> WORK TO BE COMPLETED:
The listing below should be printed exactly, every line of it. Skip the pictures.

> SUPPLIED MATERIAL:
________________________

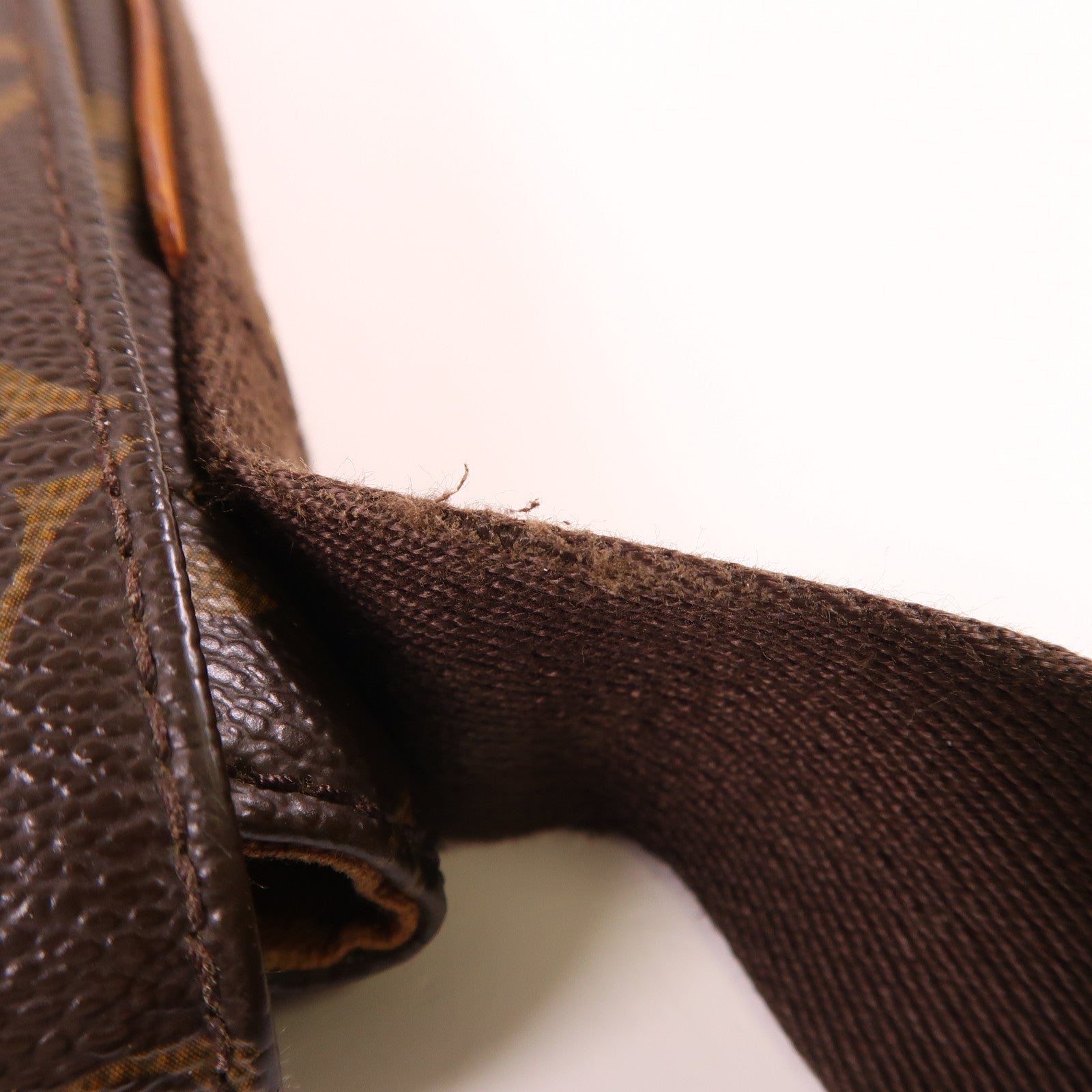 LOUIS VUITTON Monogram Abbesses金扣肩背袋棕色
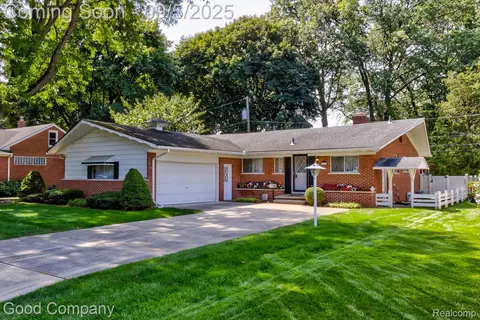 31721 Lexington St, Warren, MI 48092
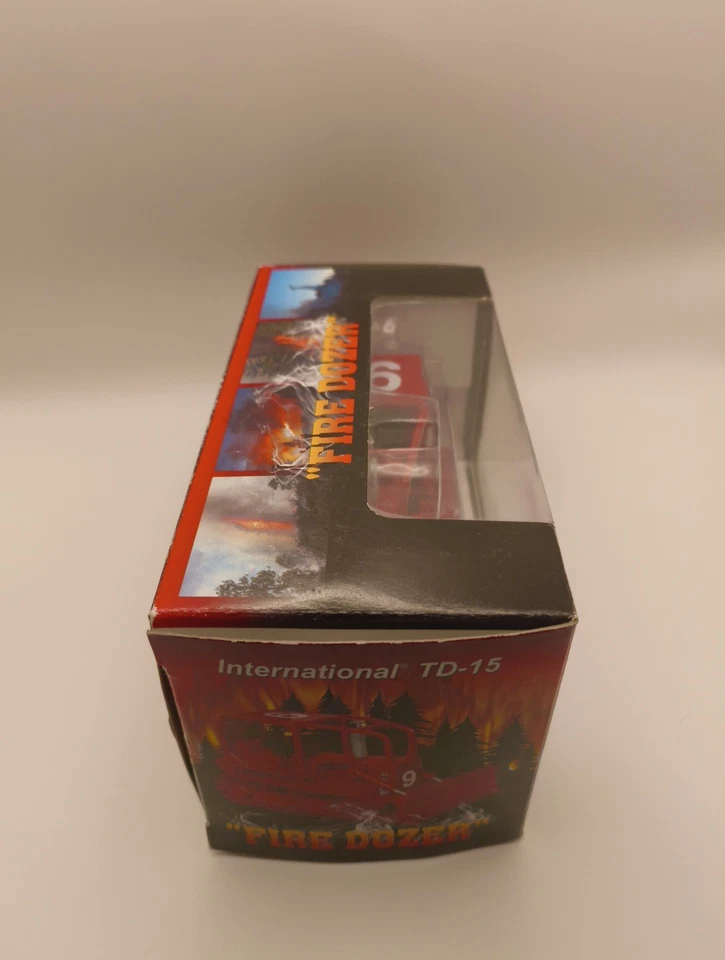First Gear International TD-15 "Fire Dozer" Escala 1:50 Réplica - Nuevo En Caja Foto 4 de 4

________________________

> THE COMPLETED TASK:
 LOUIS VUITTON Monogram Abbesses金扣肩背袋棕色
 31721 Lexington St, Warren, MI 48092
First Gear International TD-15 "Fire Dozer" Escala 1:50 Réplica - Nuevo En Caja Foto 4 de 4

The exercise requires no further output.